───── Data block ─────
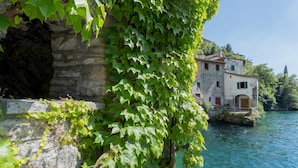 A stone building with a red door, partially covered by green ivy, adjacent to a body of water.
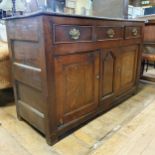 An oak dresser base, having three drawers and two cupboard doors, 140 cm wide Variation of colour,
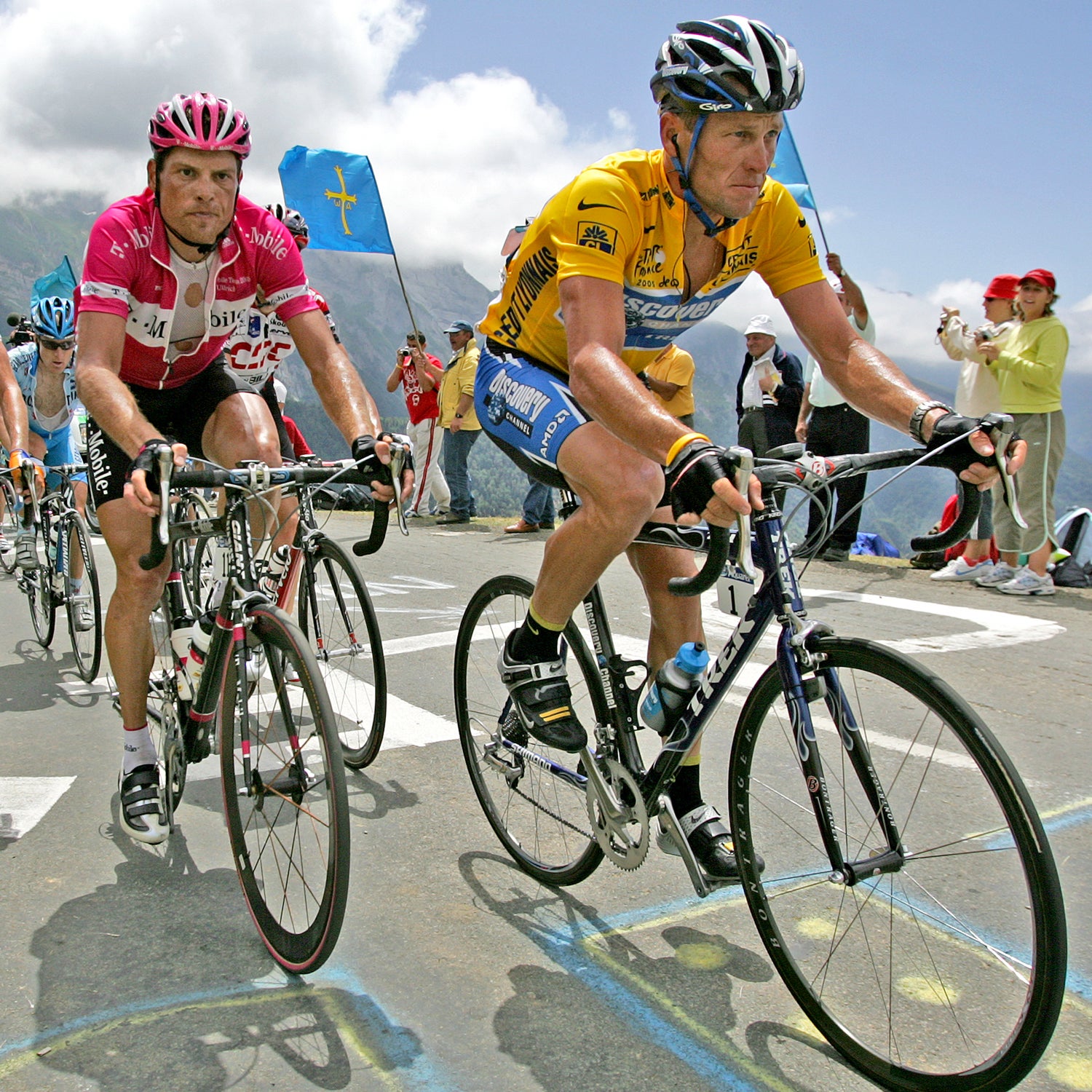 Jan Ullrich (in the pink jersey) and Lance Armstrong riding up a mountain during the 2005 Tour de France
─────
Return the whole listing word for word, minus its pictures.

| Task output |
 A stone building with a red door, partially covered by green ivy, adjacent to a body of water.
 An oak dresser base, having three drawers and two cupboard doors, 140 cm wide Variation of colour,
 Jan Ullrich (in the pink jersey) and Lance Armstrong riding up a mountain during the 2005 Tour de France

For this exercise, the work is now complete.